3.3 Robustness Analysis with Gaussian Noise
A practical predictive model for EV battery pack safety must be robust to uncertainties and noise inherent in real-world data or measurement systems. To evaluate robustness, Gaussian noise with zero mean and varying standard deviation ($\sigma$) was added to the entire training dataset before re-training the models. The performance on the original, clean test set was then re-evaluated.

Table 3: Robustness Analysis of Models Under Training Data Corrupted by Gaussian Noise.
Model	Noise Level ($\sigma$)	Avg. $R^2$ ($I_1, W, X_{\text{max}}, I_2$)	Performance Notes
SVM	0.01	~0.95	Minimal degradation.
	0.1	~0.93	Moderate decrease, stable.
	0.5	~0.90	Significant but acceptable drop.
Random Forest	0.01	~0.94	Minimal degradation.
	0.1	~0.90	Larger decrease than SVM.
	0.5	~0.90	Similar to SVM at high noise.
BPNN	0.01	~0.94	Minimal degradation.
	0.1	~0.93	Very stable performance.
	0.5	~0.91	Best robustness; least degradation.

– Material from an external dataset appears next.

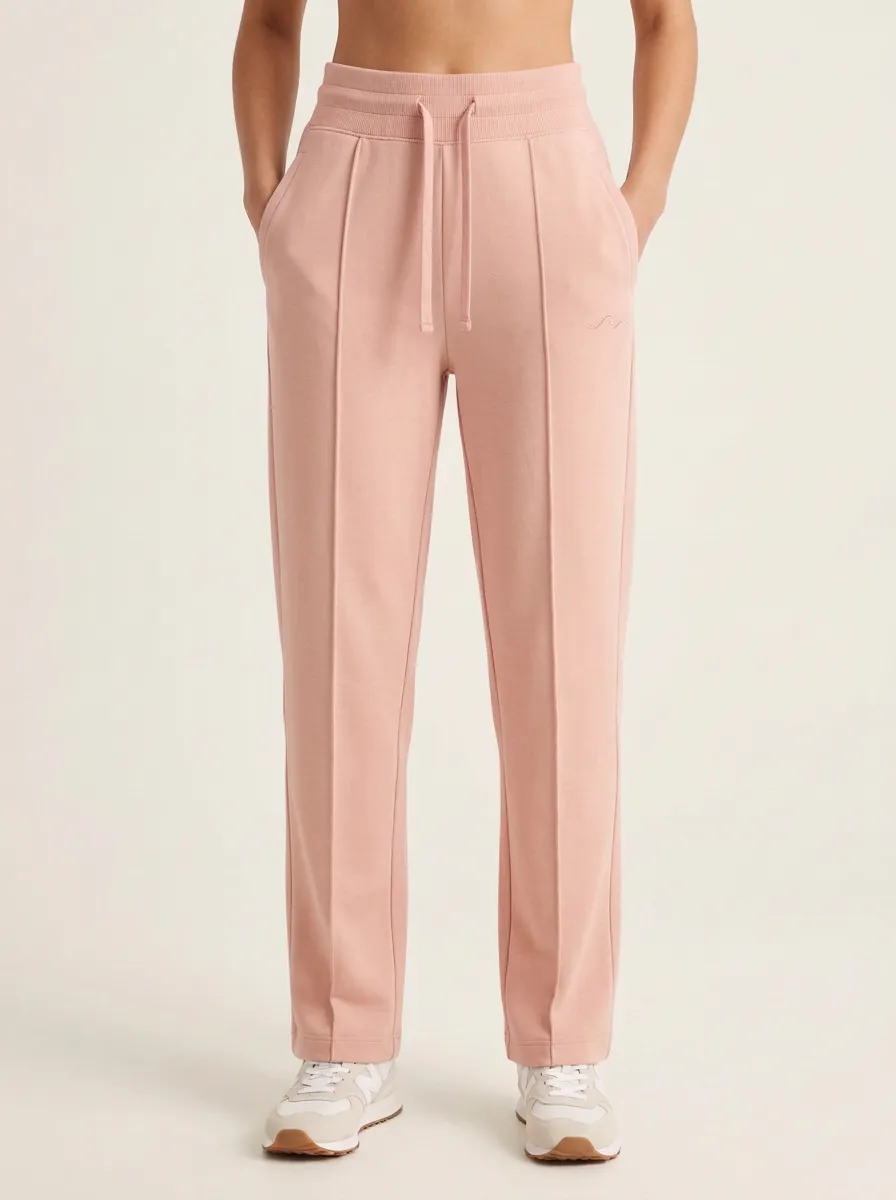 Women's Minimalist Beige Solid Color Drawstring Jogger Pants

The robustness test revealed a key finding: while the SVM model achieved the highest accuracy on clean data, the BPNN model exhibited superior robustness against noise in the training data. Even with a substantial noise level ($\sigma = 0.5$), the BPNN maintained an average $R^2$ above 0.91, showing the smallest performance drop. This characteristic makes the BPNN a strong candidate for applications where training data may be noisy or less precise, a common scenario in early-stage EV battery pack design and analysis.

4. Conclusion and Practical Application

This work successfully establishes a data-driven framework for the rapid and accurate prediction of EV battery pack safety under side pole collision conditions. The methodology bridges high-fidelity physics-based simulation with efficient machine learning, creating a powerful tool for design evaluation and risk assessment.

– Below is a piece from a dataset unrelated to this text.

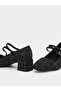 Black Tweed Block Heel Mary Jane Shoes - 4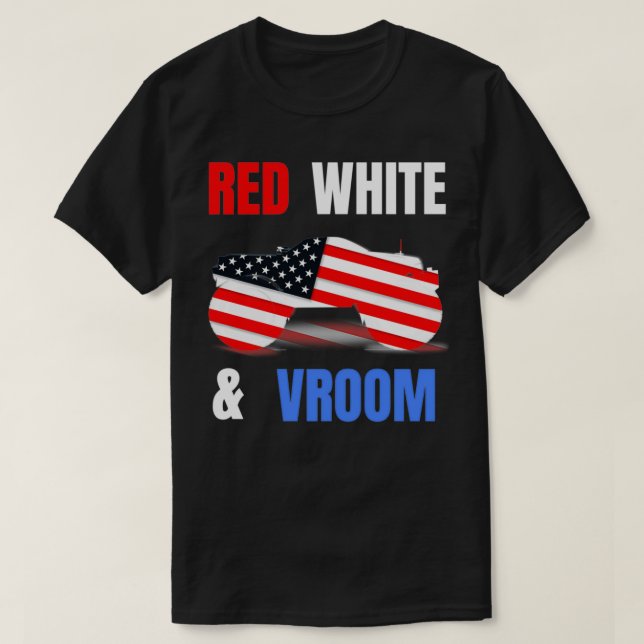 Red White Vroom Monster Lover American Flag T-Shirt (Design vorne)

The key conclusions are as follows:

The integration of optimized sampling, physics-informed feature engineering (kinetic energy, velocity components), and correlation analysis is crucial for building an effective predictive model for EV battery pack response.
Among the tested algorithms, the Support Vector Machine (SVM) model delivered the highest prediction accuracy on clean data, making it ideal for scenarios where precision is paramount and data quality is high.
The Back Propagation Neural Network (BPNN) demonstrated superior robustness when the training data contained significant noise. This resilience is highly valuable for practical engineering applications involving data variability or uncertainty.
The Random Forest (RF) model offered a strong balance between accuracy, training speed, and interpretability (through feature importance scores), suitable for rapid prototyping and understanding parameter influences on EV battery pack safety.

The developed models can instantly predict critical intrusion metrics—side wall deformation and internal jellyroll compression—from simple inputs: collision location, energy, and velocity components. This allows engineers to:

Perform rapid virtual safety sweeps across a wide range of collision scenarios.
Identify high-risk boundary conditions for a given EV battery pack design.
Integrate the model into broader vehicle safety system simulations or optimization loops.
Potentially support real-time risk assessment in advanced vehicle safety systems.

The framework is inherently flexible. While demonstrated on a specific EV battery pack architecture, the approach can be extended to other pack geometries, cell formats, and even different impact modes (e.g., underbody impact, frontal corner impact) by generating appropriate simulation datasets. Future work will focus on expanding the dataset diversity, incorporating multi-physics responses such as short-circuit prediction directly, and integrating the model into full-vehicle safety assessment toolchains to further enhance the development of crashworthy electric vehicles.